# Interaction with the file system

### The standard library

Python comes with a lot of pre-installed modules (standard Python library) which greatly extend the language.

Visit the [Python Module of the Week](https://pymotw.com/3/) website to get a good overview. All these modules are directly shipped with Python, hence «batteries included».

### Importing modules

At the beginning of most Python files, you will see a list of `import` statements.

With the `import` statement we tell Python look for a module and treat that module like a variable.
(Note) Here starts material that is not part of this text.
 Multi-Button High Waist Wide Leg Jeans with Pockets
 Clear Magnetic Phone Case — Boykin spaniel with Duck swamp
The **order** where Python looks for modules in the system is as follows:

1. look in the current path
2. look in the paths specified by the `PYTHONPATH` environment variable, if this variable exists
3. look in the standard library path (`lib/python3.x/`)
4. look in the path where all external modules, including those from [pypi.org](https://pypi.org), are installed (usually in `lib/python3.x/site-packages`)

In [None]:
import os
print("the variable 'os' contains a module:", os)

In [None]:
import click  # a module installed from pypi.org
print("'click' can be found here: ", click)
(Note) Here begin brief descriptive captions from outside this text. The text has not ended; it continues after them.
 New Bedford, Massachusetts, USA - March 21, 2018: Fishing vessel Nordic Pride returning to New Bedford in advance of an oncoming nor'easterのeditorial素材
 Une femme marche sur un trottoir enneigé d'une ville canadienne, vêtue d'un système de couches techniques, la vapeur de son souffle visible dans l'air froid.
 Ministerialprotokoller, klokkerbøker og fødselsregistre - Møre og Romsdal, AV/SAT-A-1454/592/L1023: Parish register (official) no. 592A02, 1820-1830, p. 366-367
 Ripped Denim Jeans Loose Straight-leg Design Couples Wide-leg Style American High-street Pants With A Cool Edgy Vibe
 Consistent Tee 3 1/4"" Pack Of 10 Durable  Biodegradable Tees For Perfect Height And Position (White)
There is a module `my_hello_world` in this subdirectory `my_modules`.
The following will print an error, because the module cannot be found just like that:

In [None]:
import my_hello_world

We can tell Python to look in the local folder by using the `from <folder> import <module>` syntax:

In [None]:
from my_modules import my_hello_world
my_hello_world.say_hello("World!")

`sys.path` tells us where Python is looking for modules

In [None]:
import sys
sys.path

Because the interpreter is already started, we can no longer specify the `PYTHONPATH` variable, but we can change the content of `sys.path`:

In [None]:
# put "my_modules" in the front of everything else
sys.path.insert(0,"my_modules")

now we can import the module directly:

In [None]:
import my_hello_world
my_hello_world.say_hello("This", "is", "Python!")
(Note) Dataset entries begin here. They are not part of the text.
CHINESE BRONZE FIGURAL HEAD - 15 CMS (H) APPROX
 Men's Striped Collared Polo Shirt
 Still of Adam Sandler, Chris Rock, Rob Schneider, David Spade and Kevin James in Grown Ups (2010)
Often, the module name is rather long to type, so we give it an **alias**:

In [None]:
import my_hello_world as mhw
mhw.say_hello("this", "works", "too!")

### The `sys` module

This module shows a lot of information about the Python interpreter itself.

In [None]:
sys.version

In [None]:
sys.version_info

A typical example how we can avoid a script from being executed with the **wrong Python interpreter**:

In [None]:
if sys.version_info < (3,6):
    sys.exit('Sorry, Python < 3.6 is not supported')

In [None]:
sys.executable

### A few Jupyter tricks

**put a question mark ? directly after any method or module name** and execute the cell to receive the so called _docstring_. 

In [None]:
import os
os?

It becomes especially handy if you can't remember the parameters that you need to provide:

In [None]:
print?


**use Jupyter’s TAB completion to list all methods**

enter the following cell, then hit the tabulator key after the dot: a list of possible methods will appear as a vertical list.

In [None]:
os.path.

### More, more modules! The Python Package Index PyPi

Python comes already with pre-installed modules. But there is much more! The Python Package Index (https://pypi.org) hosts thousands of additional modules which solve almost all possible everyday problems. Simply use the `pip` command line tool, which is being shipped with Python, to install them.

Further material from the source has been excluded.